Writing Health Checks for devices

A health check is a special type of test job, designed to validate that the a test device and the infrastructure around it are suitable for running LAVA tests. Health checks jobs are run periodically to check for equipment and/or infrastructure failures that may have happened. If a health check fails for any device, that device will be automatically taken offline. Reports are available which show these failures and track the general health of the lab.

https://validation.linaro.org/scheduler/reports

For any one day where at least one health check failed, there is also a table providing information on the failed checks:

https://validation.linaro.org/scheduler/reports/failures?start=-1&end=0&health_check=1

Health checks are defined in /etc/lava-server/dispatcher-config/health-checks according to the template used by the device. Health checks are run as the lava-health user.

Note

To generate the filename of the health check of a V2 device, the scheduler takes the name of the template extended in the device dictionary (for instance qemu.jinja2 for qemu devices) and replace the extension with .yaml. The health check will be called /etc/lava-server/dispatcher-config/health-checks/qemu.yaml. The health check job database field in the device-type is used for devices which are able to run V1 test jobs. To migrate health checks out of the database, use the lava-server manage migrate-health-checks command. For more information, see https://lists.linaro.org/pipermail/lava-announce/2017-March/000027.html

Note

Admins can temporarily disable health checks for all devices of a given type in the device-type admin page.

Pipeline YAML health checks

Note

Before enabling a pipeline health check, ensure that all devices of the specified type have been enabled as pipeline devices or the health check will force any remaining devices offline.

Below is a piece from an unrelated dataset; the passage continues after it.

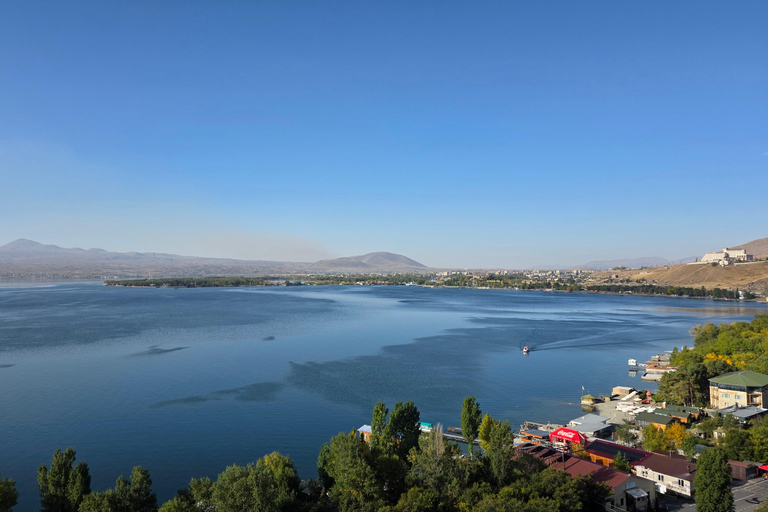 Tbilisi to Yerevan: The Ultimate Scenic Transfer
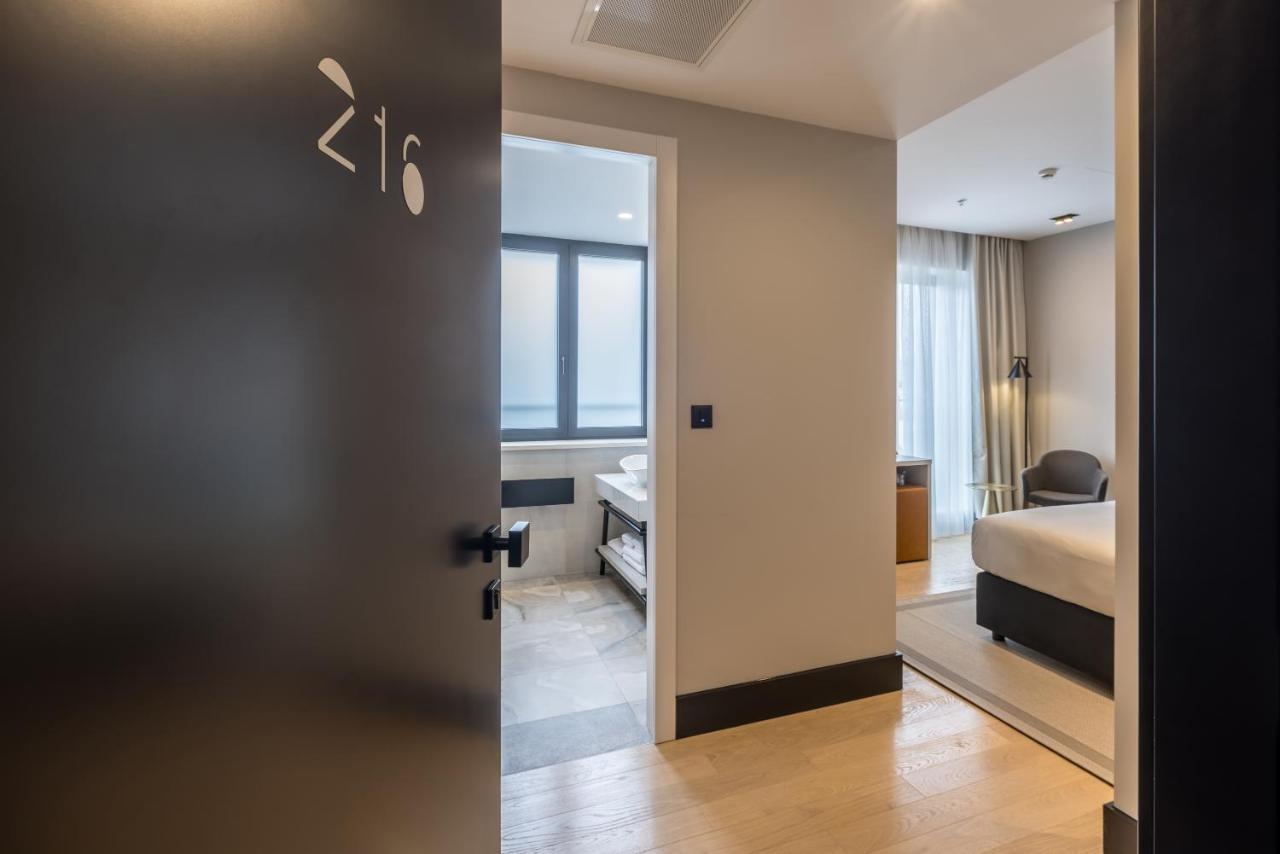 Cora Hotel Split Bagian luar foto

It is recommended that the YAML health check follows these guidelines:

  • It has a job name describing the test as a health check
  • It has a minimal set of test definitions
  • It uses gold standard files

The rest of the job needs no changes.

Tasks within health checks

The health check needs to at least check that the device will boot and deploy a test image. Multiple deploy tasks can be set, if required, although this will mean that each health check takes longer.

Wherever a particular device type has common issues, a specific test for that behaviour should be added to the health check for that device type.

Using lava_test_shell inside health checks

It is a mistake to think that lava_test_shell should not be run in health checks. The consequence of a health check failing is that devices of the specified type will be automatically taken offline but this applies to a job failure, not a fail result from a single lava-test-case.

It is advisable to use a minimal set of sanity check test cases in all health checks, without making the health check unnecessarily long:

- test:
   timeout:
     minutes: 5
   definitions:
     - repository: git://git.linaro.org/qa/test-definitions.git
       from: git
       path: ubuntu/smoke-tests-basic.yaml
       name: smoke-tests

These tests run simple Debian/Ubuntu test commands to do with networking and basic functionality - it is common for linux-linaro-ubuntu-lsusb and/or linux-linaro-ubuntu-lsb_release to fail as individual test cases but these failed test cases will not cause the health check to fail or cause devices to go offline.

Using lava_test_shell in all health checks has several benefits:

  1. health checks should use the same mechanisms as regular tests, including lava_test_shell
  2. devices are tested to ensure that test repositories can be downloaded to the device.
  3. device capabilities can be retrieved from the health check result bundles and displayed on the device type status page.
  4. tests inside lava_test_shell can provide a lot more information than simply booting an image and each device type can have custom tests to pick up common hardware issues

See also Writing a LAVA test shell definition.

Skipping health checks

When a device is taken online in the web UI, there is an option to skip the manual health check. Health checks will still run in the following circumstances when “Skip Health check” has been selected:

  • When the health status of the device is in Unknown, Fail or Looping
  • When the device has been offline for long enough that a health
    check is already overdue.